Diz-se dos forasteiros que se fixam por aqui: ilhanizados ou açorianófilos; e assim será para quem passado, um período de descontinentalização, assume a condição de ilhéu. Ou seja, é-se ilhéu após um processo de compreensão e assunção do viver e sentir insular. Tenho um amigo que me colocou o epíteto, é público não estou a cometer nenhuma inconfidência, de “ilhéu continental” e eu aceito, sem reservas, o sentimento da minha pertença a estas ínsulas é, para ele, uma evidência e também sabe que isso é compaginável com os meus regressos (físicos ou através da escrita) às origens beirãs.

foto de Aníbal C. Pires

Vim por acaso, fiquei por amor a estas ilhas, outro amor já tinha, por aqui o cultivei, fortaleci e sazonou. Quando cheguei em 1983 fiquei deslumbrado com a orografia, a luz e os matizes de verde e azul, por vezes, cobertos por um espesso manto cinzento, mas não foi a paisagem que me fez ficar, ninguém fica só pela paisagem. Se foi e é importante, não duvido. Mas os lugares são as pessoas que os habitam e a forma como se adaptam e recriam os saberes ancestrais. Os açorianos construíram uma matriz cultural distinta, marcada pelo isolamento que a geografia ditou, pelo abandono do poder central, pela natureza, nem sempre amigável, pelo seu posicionamento no Atlântico Norte que expõe estas ínsulas à violência das tempestades atmosféricas e oceânicas, daí nasceu a profunda religiosidade deste povo ilhéu e da qual o culto ao Divino Espírito Santo se manifesta de forma transversal na Região e na diáspora. Fiquei por amor a estas ilhas e a este povo, aqui quero continuar a viver.   

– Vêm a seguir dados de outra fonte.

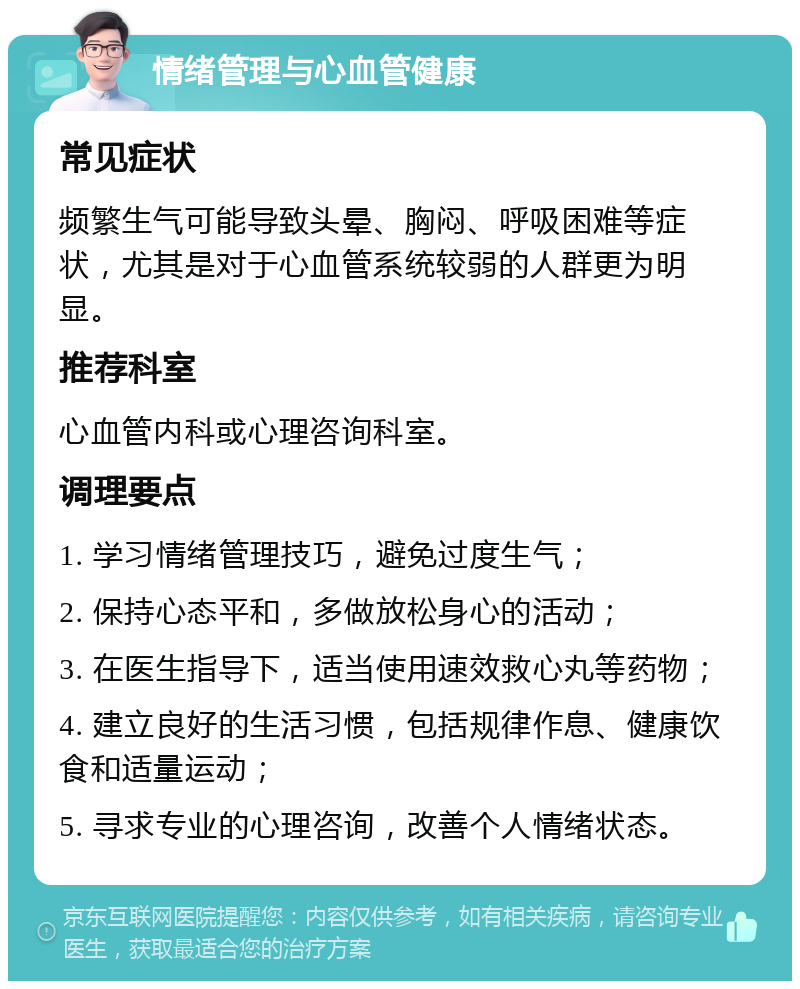 情绪管理与心血管健康 常见症状 频繁生气可能导致头晕、胸闷、呼吸困难等症状，尤其是对于心血管系统较弱的人群更为明显。 推荐科室 心血管内科或心理咨询科室。 调理要点 1. 学习情绪管理技巧，避免过度生气； 2. 保持心态平和，多做放松身心的活动； 3. 在医生指导下，适当使用速效救心丸等药物； 4. 建立良好的生活习惯，包括规律作息、健康饮食和适量运动； 5. 寻求专业的心理咨询，改善个人情绪状态。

Cedo iniciei um percurso que me permitiu visitar todo o arquipélago com o qual me encantei, o conhecimento consolidou-se ao longo dos anos e a sedução não se desvaneceu. As ilhas açorianas e o seu povo continuam a deslumbrar-me. A cada vez que mergulho na ilha onde vivo, ou quando viajo e permaneço alguns dias numa qualquer outra das ilhas açorianas consolido o amor que me fez ficar e surpreendo-me com novas descobertas, de lugares, de usos e de pessoas. São as pessoas que corajosamente teimam em manter vivos os lugares emprestando-lhe o seu labor e criatividade para que a sua ilha, as nossas ilhas, não caiam no esquecimento, são essas as pessoas que me entusiasmam e continuam a surpreender. E eu gosto de ser maravilhado, emociono-me e gosto. As gentes e os lugares continuam a enternecer-me como só agora tivesse aportado a estas ilhas.

foto de Aníbal C. Pires
A viagem e estadia mais recente foi na ilha de Santa Maria onde participei no 39.º Colóquio da Lusofonia. A ilha de “Gonçalo Velho, a “ilha Mãe”, a “ilha mal lembrada”, a “little America”, ou qualquer outra designação que se dê à primeira ilha dos Açores a ser povoada, fica-lhe bem e reflete ideias e períodos de apogeu ou declínio da sua história.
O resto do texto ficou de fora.